Windows 365 is a cloud-based service that lets organizations offer their employees a full Windows OS experience over the internet. It allows IT admins to create dedicated personalized Cloud PCs without having to manage an Azure infrastructure.  This product addresses a need in the market for a desktop virtualization infrastructure (VDI) that leverages existing resources such as Windows 10 licenses, the Microsoft Endpoint Manager portal, and Windows apps. It was designed with ‘simplicity' in mind, to give a personalized Windows experience on any device.

But if you are looking for flexibility across your VMs, storage, networking, profiles, and costs, Azure Virtual Desktop is likely a better fit for your organization. Azure Virtual Desktop is a configurable cloud-based service that offers IT departments maximum control over their virtual desktop infrastructure. It uses Azure’s autoscaling and pooled resources to create a highly customizable VDI environment for reduced costs, as compared to on premise VDI solutions and Windows 365. 

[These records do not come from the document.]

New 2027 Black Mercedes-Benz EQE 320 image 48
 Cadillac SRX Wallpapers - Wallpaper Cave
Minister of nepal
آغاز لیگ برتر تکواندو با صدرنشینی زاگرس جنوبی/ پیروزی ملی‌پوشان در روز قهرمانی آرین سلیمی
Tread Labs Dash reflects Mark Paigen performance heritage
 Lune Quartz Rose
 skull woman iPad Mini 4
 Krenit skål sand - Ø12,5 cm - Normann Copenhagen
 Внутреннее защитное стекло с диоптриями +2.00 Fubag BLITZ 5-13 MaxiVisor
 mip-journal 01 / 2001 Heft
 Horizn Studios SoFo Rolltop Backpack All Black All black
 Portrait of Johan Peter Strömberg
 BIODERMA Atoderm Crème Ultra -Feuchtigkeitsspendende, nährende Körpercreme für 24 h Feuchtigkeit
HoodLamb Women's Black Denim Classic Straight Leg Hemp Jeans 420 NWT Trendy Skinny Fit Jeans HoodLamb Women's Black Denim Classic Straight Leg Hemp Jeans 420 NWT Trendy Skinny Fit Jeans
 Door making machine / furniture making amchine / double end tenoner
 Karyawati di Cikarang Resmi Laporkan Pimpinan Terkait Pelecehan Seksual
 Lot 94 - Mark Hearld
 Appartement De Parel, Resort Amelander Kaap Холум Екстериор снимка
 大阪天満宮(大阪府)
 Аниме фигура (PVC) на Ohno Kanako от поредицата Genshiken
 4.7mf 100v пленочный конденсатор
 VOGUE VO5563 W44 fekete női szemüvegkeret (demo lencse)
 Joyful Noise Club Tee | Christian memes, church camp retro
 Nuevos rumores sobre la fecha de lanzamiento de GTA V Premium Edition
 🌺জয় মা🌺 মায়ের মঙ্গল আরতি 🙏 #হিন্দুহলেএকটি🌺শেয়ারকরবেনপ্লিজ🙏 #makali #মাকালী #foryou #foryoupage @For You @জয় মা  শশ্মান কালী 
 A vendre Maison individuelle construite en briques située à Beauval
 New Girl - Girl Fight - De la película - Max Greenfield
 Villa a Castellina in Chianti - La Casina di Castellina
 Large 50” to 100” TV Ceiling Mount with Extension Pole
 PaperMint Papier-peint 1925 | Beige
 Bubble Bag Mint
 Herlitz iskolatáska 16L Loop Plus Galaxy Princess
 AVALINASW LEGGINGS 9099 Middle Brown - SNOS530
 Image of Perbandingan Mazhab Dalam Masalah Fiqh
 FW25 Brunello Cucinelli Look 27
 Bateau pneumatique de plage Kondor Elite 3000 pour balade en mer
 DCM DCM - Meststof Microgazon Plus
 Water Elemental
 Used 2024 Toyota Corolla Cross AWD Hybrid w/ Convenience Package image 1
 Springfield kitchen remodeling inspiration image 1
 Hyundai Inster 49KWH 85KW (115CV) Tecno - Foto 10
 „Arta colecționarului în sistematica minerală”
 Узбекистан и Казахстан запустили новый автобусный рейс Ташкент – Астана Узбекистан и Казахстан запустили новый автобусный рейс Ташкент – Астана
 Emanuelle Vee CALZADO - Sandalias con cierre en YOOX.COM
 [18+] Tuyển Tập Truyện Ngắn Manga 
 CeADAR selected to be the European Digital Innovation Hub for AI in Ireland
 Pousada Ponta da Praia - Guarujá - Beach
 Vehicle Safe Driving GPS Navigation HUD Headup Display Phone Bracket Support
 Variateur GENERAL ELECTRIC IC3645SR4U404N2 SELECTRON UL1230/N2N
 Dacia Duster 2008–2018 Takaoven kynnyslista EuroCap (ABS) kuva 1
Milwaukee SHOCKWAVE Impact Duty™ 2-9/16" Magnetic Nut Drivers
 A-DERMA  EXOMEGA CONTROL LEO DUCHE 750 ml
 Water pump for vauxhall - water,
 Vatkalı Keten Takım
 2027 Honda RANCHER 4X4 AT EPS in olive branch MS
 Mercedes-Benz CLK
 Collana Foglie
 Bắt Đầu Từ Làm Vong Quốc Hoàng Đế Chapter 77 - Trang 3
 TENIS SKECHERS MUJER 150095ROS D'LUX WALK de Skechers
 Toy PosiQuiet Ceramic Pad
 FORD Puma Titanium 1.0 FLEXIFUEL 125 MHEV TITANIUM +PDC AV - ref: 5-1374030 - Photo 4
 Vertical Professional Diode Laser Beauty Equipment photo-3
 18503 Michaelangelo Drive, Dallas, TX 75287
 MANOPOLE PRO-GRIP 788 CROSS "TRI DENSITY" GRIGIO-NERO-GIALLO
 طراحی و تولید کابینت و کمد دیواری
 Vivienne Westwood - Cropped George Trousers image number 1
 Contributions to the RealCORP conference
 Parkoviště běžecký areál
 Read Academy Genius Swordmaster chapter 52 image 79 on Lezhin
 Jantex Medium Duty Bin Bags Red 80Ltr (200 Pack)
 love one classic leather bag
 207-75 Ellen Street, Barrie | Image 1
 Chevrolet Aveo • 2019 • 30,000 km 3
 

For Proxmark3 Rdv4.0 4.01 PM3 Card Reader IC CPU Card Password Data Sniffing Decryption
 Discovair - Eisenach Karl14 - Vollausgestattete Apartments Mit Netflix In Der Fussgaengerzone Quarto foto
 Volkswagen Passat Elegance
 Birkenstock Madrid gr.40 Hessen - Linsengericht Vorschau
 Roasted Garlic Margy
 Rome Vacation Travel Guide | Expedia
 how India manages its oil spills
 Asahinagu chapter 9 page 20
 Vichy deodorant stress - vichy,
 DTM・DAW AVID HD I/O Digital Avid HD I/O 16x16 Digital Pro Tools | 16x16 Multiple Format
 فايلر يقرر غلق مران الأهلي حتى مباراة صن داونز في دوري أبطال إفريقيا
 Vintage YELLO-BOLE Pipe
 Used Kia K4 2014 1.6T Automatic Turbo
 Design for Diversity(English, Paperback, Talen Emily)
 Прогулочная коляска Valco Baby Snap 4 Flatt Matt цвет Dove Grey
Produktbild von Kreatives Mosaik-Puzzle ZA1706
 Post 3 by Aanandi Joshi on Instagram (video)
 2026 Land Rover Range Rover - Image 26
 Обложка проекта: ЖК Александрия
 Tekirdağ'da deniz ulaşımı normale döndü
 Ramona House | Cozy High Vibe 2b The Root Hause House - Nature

Let’s take a look at where each solution makes sense

Windows 365

  • 10 or fewer desktops are needed
  • No plans to build an Azure infrastructure – Windows 365 is built as a SaaS within Azure needing no further architecture, though admins may want to look at Microsoft Endpoint Manager for their security needs
  • No prior VDI experience – Windows 365 is simpler to deploy and manage
  • Local admin rights – Windows 365 lets the user use the Virtual Desktop like their own personal Cloud PC
  • Users need dedicated desktops for more than 55 hours a week or 24/7 access – Because Windows 365 licenses are purchased as a monthly subscription, Windows 365 is not impacted by user resource consumption, making it in this scenario a more cost-effective option that is easier to deploy and manage

Azure Virtual Desktop

  • Diversified monthly use – If you have a variable number of users per month, such as outside consultants or seasonal workers, AVD could save you money because you only pay for what you use.
  • Need to use custom-built apps – Windows 365 offers a standardized set of apps to deploy, whereas AVD allows you to use any set of apps, even custom-built apps for Windows environment.
  • Lock RBAC on the VDI instances – AVD allows you to set up groups with tiered permissions.
  • Opportunity to save money – Because AVD costs are determined by the number of concurrent users, pooled AVD desktops can range from 50-60% cheaper than Windows 365, and auto-scaled personal AVD desktops can be ~10% cheaper than Windows 365, as long as the desktops are used less than 50 hours per week.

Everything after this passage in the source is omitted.